In this situation, I completely agree with this.

We're going to be dealing with a similar situation in a few years with DD and have already decided she will have absolutely no alone/unsupervised time with them. But they are not as extreme as this and I would not allow my child around people like that.


----------



## mumkimum (Nov 14, 2006)

Well, just to reaffirm for you, but just because grandparents whine or complain about alone time with your children - doesn't mean you need to provide it. We do mainly family time with grandparents and have one who complains a little, and 2 others who are just happy to see us all.

As for the other issues - sounds like the religion I was raised in perhaps. I think there will be a lot of pressure on your kids to go along, if they're alone or doing church group type stuff with grandparents (like this "game"). There's likely a lot of pressure on the grandparents to pass on their beliefs too.
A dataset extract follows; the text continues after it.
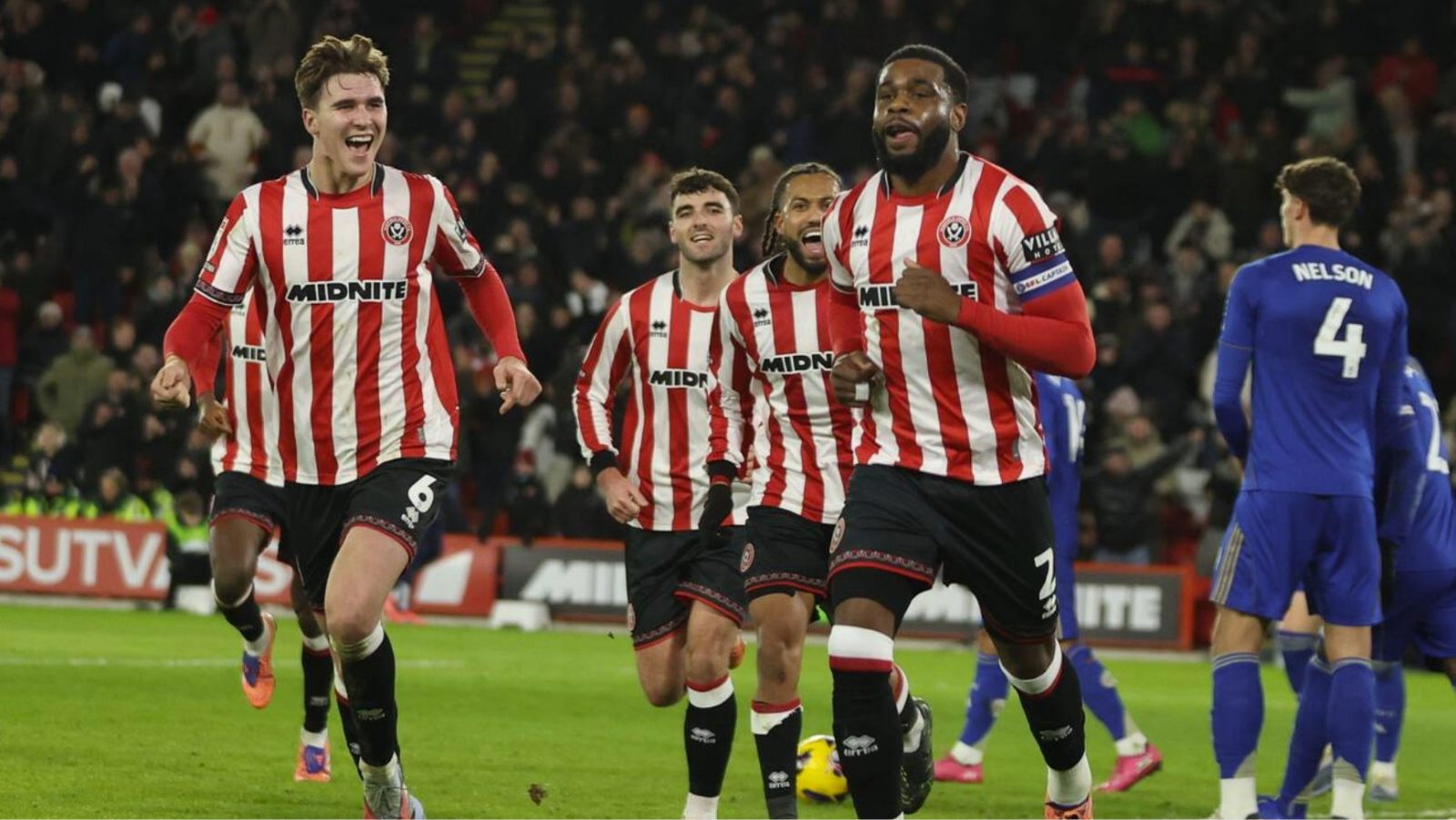 Sheffield United’s Japhet Tanganga celebrates after scoring his team’s first goal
Be blunt with your family members, arm your kids with their own beliefs. Teach them that people can have different beliefs and its ok. And don't have unsupervised time with people who don't respect your boundaries for your kids.


----------



## philomom (Sep 12, 2004)

Agree with all that was said here!

I personally had to ban weekend sleepovers with my mom because she would take the kids to her church even if I asked her not to. Then the kids get into the whole "keep a secret" business that is so confusing for the child.


----------



## A&A (Apr 5, 2004)

Quote:


> Originally Posted by *mumkimum*
> 
> As for the other issues - sounds like the religion I was raised in perhaps.


 Me, too.

Maya Angelou said that we teach people how to treat us. Don't teach your in-laws that it is ok to continue behaving this way.


----------



## Linda on the move (Jun 15, 2005)

Sounds like my parents.

I find the phrase , "I can see why you feel that way, but none the less, this is what we've decided to do" very helpful.

Then you just stop caring about whether or not they are upset. keep reminding yourself that they don't care if you are upset.

Also, moving half way across the country to get away from them helps.


----------



## MichelleZB (Nov 1, 2011)

I think it may help to label their bigotry to them. Don't make it about their religion. Just say, "We'd love to do grammy time. But we don't allow racism in our family. So we can't." Using the actual word "racism" can be a shock to people like that because they often don't get told that they are racist.

You can even throw some of their own terminology back at them: "We want to bring up our children with wholesome, family-friendly values. They need to learn to respect all people. We don't allow the kind of language you use to be used around our children." They probably think of their own values as "family values" so it's a good wake-up call to have it used to mean what it should mean.


----------



## McGucks (Nov 27, 2010)

Quote:



> Originally Posted by *Linda on the move*
> 
> Also, moving half way across the country to get away from them helps.










Love that one.

I am fortunate that my MIL keeps her religion out of our kid's life (she lives locally), but I have sure had to fight the "alone with granny time" issue repeatedly. We make sure our little guy sees his grandparents with what I feel is regularity (about 3x/mo.), but it's never enough for her. Grandpa is fine with the schedule, it would appear. I did cave on a family vacation when she was whining about her "alone time" with our then-two year old; within about three minutes, it got quiet...I came out of my room and he was gone. Granny was doing dishes and had no idea where he was. My toddler had unlocked an interior door, slid the bolt on a second-story gate, gone down both flights of stairs, and was in the parking area under the house trying to get into SIL's unlocked car. But I digress.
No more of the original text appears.